We now have the makings of an ugly situation in Europe. The Commission muscled into health policy – beyond its treaty mandate or technical competence – and made a royal hash of the EU’s vaccine strategy. It haggled over prices. It dug in its heels over legal liability, unlike the British and US governments that took the political decision to waive normal requirements. It put up trivial sums in advance to pull forward vaccine production.

The mixture of bureaucracy and the unanimity rule among 27 states led to paralysis. The centralist model has once again been shown to be unworkable in a fast-moving crisis, but this time people will die as a result.
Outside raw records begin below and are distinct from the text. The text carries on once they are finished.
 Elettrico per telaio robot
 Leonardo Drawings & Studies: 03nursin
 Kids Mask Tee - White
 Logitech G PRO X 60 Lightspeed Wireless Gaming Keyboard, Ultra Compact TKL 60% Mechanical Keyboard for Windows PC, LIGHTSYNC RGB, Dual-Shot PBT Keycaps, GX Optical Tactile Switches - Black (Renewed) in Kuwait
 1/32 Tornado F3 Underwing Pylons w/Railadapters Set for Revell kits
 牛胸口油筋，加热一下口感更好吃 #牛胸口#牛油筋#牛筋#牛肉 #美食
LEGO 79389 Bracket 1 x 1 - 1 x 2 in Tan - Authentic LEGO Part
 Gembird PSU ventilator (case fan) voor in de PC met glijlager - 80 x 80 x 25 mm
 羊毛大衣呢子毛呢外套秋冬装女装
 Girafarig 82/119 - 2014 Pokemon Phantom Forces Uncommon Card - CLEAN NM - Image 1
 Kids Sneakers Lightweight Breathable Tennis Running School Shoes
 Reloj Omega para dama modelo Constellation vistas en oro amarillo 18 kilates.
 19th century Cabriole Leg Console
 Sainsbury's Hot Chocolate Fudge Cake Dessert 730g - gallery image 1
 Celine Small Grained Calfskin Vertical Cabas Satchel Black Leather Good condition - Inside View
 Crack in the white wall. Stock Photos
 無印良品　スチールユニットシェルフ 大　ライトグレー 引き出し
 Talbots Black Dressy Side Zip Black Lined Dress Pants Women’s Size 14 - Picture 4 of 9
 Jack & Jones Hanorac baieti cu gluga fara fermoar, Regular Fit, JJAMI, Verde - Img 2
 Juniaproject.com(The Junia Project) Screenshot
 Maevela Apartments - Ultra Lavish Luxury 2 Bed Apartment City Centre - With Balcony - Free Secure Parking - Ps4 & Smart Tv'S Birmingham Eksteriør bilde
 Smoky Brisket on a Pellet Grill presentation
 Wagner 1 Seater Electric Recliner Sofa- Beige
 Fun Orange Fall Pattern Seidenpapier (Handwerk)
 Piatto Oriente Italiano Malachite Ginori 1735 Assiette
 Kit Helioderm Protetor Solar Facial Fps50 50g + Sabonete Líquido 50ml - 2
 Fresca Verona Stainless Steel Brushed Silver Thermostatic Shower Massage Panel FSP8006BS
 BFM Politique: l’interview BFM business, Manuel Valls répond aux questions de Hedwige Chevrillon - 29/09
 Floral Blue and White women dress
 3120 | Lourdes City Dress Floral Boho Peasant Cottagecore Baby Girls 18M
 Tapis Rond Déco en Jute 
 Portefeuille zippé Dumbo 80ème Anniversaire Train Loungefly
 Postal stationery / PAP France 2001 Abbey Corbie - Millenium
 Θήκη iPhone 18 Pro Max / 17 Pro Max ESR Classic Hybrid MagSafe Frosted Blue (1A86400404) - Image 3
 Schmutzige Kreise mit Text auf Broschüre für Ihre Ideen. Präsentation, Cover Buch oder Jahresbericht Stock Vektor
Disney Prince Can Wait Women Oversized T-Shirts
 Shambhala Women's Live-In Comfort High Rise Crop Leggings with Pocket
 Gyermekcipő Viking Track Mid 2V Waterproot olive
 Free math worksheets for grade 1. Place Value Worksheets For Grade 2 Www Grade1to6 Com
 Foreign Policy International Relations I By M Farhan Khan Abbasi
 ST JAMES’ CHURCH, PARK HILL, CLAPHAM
Needless to say, there has never been a word of apology from any EU official, nor the hint of admission that something has gone wrong. There never is. The Commission is always right. It handled the eurozone debt crisis eight years ago magnificently by its own account.

Brussels has instead switched to a scapegoat strategy: blame the vaccine companies, with a chorus of support from some of the Opera Buffa figures in EU politics, led by Italy’s soprano Giuseppe Conte.

Belgium’s premier Alexander de Croo gamely tried to head off this scientifically illiterate witch hunt by reminding EU colleagues that making vaccines is not as easy as “making bread”. To little avail. The saviours have become villains overnight. The brilliant achievement of cracking a coronavirus vaccine in less than a year is almost forgotten.

We do not yet know exactly why AstraZeneca is unable to meet its intended doses for Europe. The facts will come out soon enough. What we do know is that the EU is preparing to activate political force majeure allowing it – in extremis – to restrict exports of the Pfizer vaccine and potentially to restrict supply-chain components of the AstraZeneca vaccines manufactured in the UK itself.

Might we wake up to find that the UK is subject to a de facto blockade of critical medical components in the middle of a pandemic? It is not out of the question. Politics have come a long way since Wuhan.